**EXERCISE GOAL**
Could you print each entry below verbatim while omitting the pictures?

(Beginning of DATA)

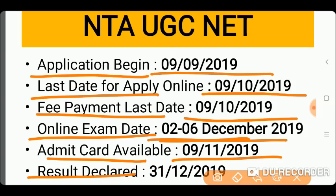The result date is 21st December, and the final result date is 31st December.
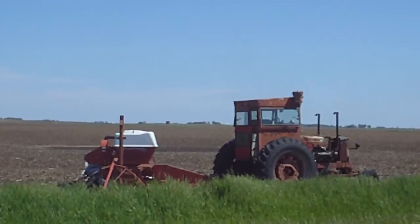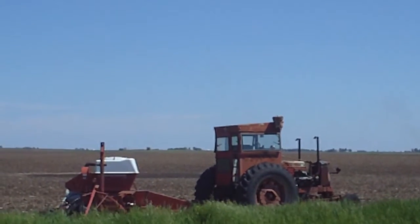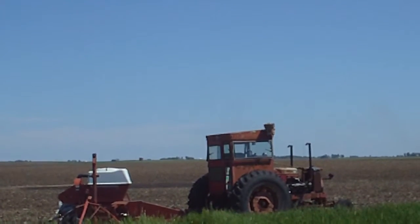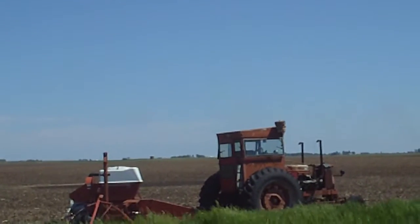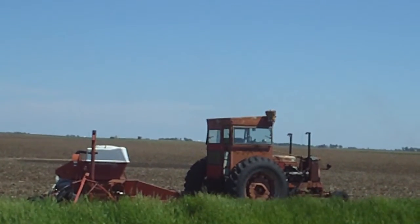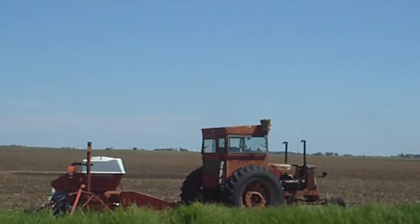Farmer and old-school style. Believe it or not, these guys have used this tractor for many, many years. It looks like an old International with a Chevy engine in it. See the dual stacks — they got rained down here about a week ago. I just wanted to share that with you guys.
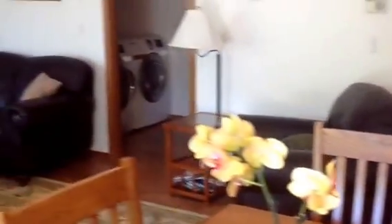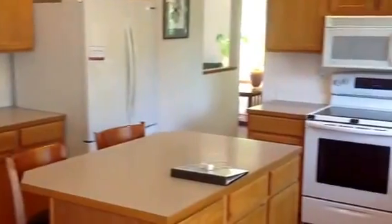There's a laundry, and that goes into the garage that has amazing storage. And then over here, a kitchen.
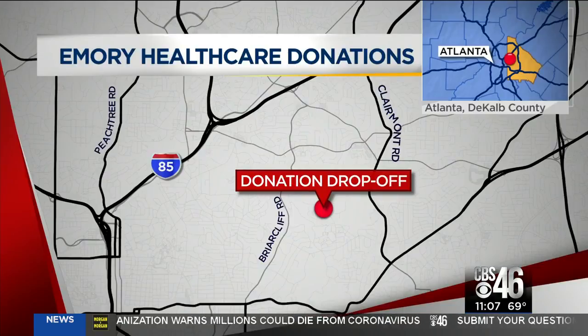Emory will continue the drive for the next two weeks. You can drop off your donations at their donation center near the Emory Conference Center on Clifton Road. It'll be open Monday through Friday, 9 until 5 p.m.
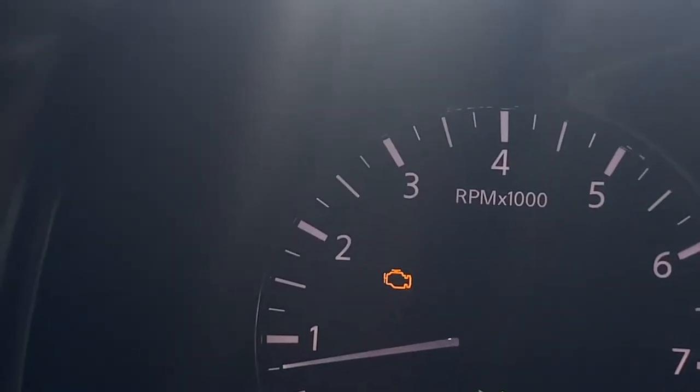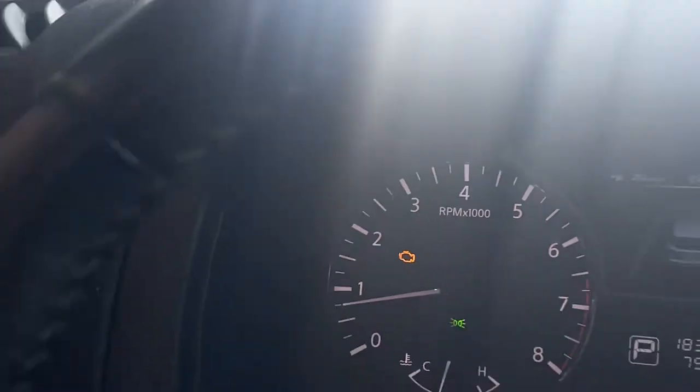Quick question Joe — would you happen to know what this flashing orange symbol would mean? That flashing orange symbol is your check engine light, or malfunction indicator light. It's letting you know that something's going on mechanically with the engine. You should bring it into a Nissan dealer as soon as possible.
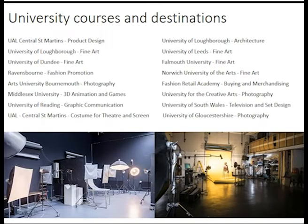Thank you, Kellyanne. Our students have gone on to some really fantastic higher education courses, and here are a few great examples.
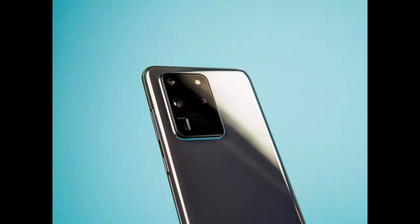The second feature is the battery. This is the biggest battery ever on the Galaxy S series phone, which is a 5,000 milliamp hour battery. It has 45 watts super fast charging, fast wireless charging, and wireless power share.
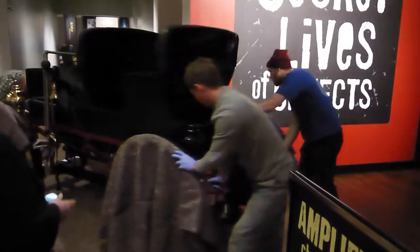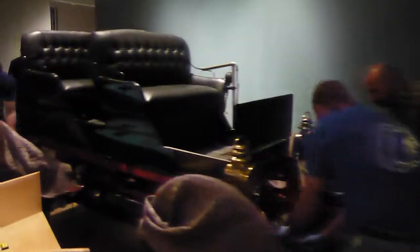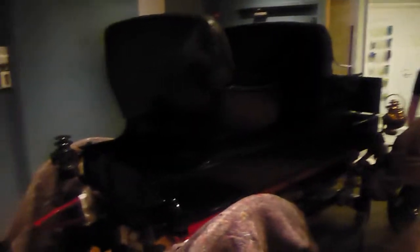In order to move larger, heavier objects off of their display platform and back to their off-site storage facility, we typically contract a local rigging company that specializes in the lifting and moving of fine arts and artifacts. In order for the job to be done safely, a gantry system is set up to lift and move objects like the buggy. The buggy is attached to the system at various points in a manner that does not cause added stress to it.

(End of DATA)

**YOUR SOLUTION**
The result date is 21st December, and the final result date is 31st December.
Farmer and old-school style. Believe it or not, these guys have used this tractor for many, many years. It looks like an old International with a Chevy engine in it. See the dual stacks — they got rained down here about a week ago. I just wanted to share that with you guys.
There's a laundry, and that goes into the garage that has amazing storage. And then over here, a kitchen.
Emory will continue the drive for the next two weeks. You can drop off your donations at their donation center near the Emory Conference Center on Clifton Road. It'll be open Monday through Friday, 9 until 5 p.m.
Quick question Joe — would you happen to know what this flashing orange symbol would mean? That flashing orange symbol is your check engine light, or malfunction indicator light. It's letting you know that something's going on mechanically with the engine. You should bring it into a Nissan dealer as soon as possible.
Thank you, Kellyanne. Our students have gone on to some really fantastic higher education courses, and here are a few great examples.
The second feature is the battery. This is the biggest battery ever on the Galaxy S series phone, which is a 5,000 milliamp hour battery. It has 45 watts super fast charging, fast wireless charging, and wireless power share.
In order to move larger, heavier objects off of their display platform and back to their off-site storage facility, we typically contract a local rigging company that specializes in the lifting and moving of fine arts and artifacts. In order for the job to be done safely, a gantry system is set up to lift and move objects like the buggy. The buggy is attached to the system at various points in a manner that does not cause added stress to it.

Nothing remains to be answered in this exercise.